5 gardening rules to apply to your business
5 gardening rules to apply to your business
There is a surprising overlap between gardening and growing a company.
I like to grow things. These days, that means a company, an exceptional little girl, house plants, relationships, and a garden. Over the years, many people have shared with me that they don’t have a green thumb, and thus they shy away from growing plants. I’ve learned, though, that there are a handful of core principles that take care of 99% of plant challenges when applied. I was thinking about this list of principles recently and realized how much overlap there is with the basic wisdom around growing a business.
Here are my five gardening rules that also work beautifully in a career context:
1. Start with good soil
Laying strategic foundations is crucial to building a solid structure. In a startup or scaleup, your soil consists of your founding documents, the underlying structure for everything. These documents should clearly lay out the company’s reasons for being and ethos. At Feed.fm, I include mission, vision, team mission statements, operating principles, and values in this list.
2. Water with a consistent rhythm
When you maintain a consistent watering schedule, plant roots receive a steady supply of moisture, which helps them absorb nutrients from the soil more efficiently.

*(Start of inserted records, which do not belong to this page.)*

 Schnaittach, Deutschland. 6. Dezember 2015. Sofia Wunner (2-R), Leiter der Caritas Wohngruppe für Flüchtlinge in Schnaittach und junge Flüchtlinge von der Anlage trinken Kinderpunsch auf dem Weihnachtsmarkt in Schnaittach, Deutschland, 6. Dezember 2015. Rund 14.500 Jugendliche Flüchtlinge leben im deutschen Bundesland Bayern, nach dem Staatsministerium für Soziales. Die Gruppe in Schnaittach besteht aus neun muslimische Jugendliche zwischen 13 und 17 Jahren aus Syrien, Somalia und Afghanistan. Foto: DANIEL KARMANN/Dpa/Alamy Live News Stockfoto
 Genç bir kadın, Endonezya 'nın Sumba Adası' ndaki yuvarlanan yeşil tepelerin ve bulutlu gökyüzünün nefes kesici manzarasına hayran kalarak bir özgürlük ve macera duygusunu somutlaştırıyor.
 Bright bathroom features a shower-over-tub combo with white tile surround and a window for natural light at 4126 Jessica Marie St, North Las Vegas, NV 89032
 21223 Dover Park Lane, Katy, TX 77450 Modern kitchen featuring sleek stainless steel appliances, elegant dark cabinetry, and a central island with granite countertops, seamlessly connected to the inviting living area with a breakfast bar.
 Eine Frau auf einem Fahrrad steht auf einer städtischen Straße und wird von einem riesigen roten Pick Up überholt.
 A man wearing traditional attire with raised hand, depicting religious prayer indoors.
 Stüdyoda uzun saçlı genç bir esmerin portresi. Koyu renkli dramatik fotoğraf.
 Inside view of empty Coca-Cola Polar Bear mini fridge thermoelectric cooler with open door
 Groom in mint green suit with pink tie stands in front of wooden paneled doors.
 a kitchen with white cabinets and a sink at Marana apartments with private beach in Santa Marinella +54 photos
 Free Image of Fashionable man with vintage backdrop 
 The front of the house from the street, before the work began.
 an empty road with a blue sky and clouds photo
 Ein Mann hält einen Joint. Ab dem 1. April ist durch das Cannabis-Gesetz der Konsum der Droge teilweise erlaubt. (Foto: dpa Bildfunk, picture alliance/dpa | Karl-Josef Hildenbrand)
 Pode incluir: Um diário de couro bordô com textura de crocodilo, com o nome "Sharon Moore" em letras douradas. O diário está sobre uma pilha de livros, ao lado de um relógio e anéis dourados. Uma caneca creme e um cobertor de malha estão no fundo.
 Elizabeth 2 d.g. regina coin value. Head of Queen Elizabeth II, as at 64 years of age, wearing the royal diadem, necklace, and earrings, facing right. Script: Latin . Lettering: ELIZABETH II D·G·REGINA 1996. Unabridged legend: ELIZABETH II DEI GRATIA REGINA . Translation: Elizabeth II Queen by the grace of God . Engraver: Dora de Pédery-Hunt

From a company perspective, you have to get into a regular operating cadence to ensure you are learning as you go, not repeating mistakes, and consistently challenging your teams. One great example of this is objectives and key results (OKR) programs. When I hear from CEOs that their programs are struggling, oftentimes it comes down to a lack of routine and rhythm. Results and learnings have to be discussed every week by every team.
3. Adapt to changing conditions
Climate change is real, pest challenges are different every year, and sometimes plants just don’t take root. Adapting your watering, fertilizer, and pest management solutions are crucial to keeping a healthy garden.
Similarly, flexibility is paramount in any sector you operate in. Markets change, new competitors emerge, and unexpected challenges arise. Being adaptable and ready to pivot when needed can keep your business thriving. I believe adaptability quotient is as important as emotional intelligence in the workplace.
4. Prune regularly
Pruning is important in gardening, as you have to remove dead matter to make space for new growth. Pruning encourages good growth patterns, improves air circulation, and minimizes potential for pest damage.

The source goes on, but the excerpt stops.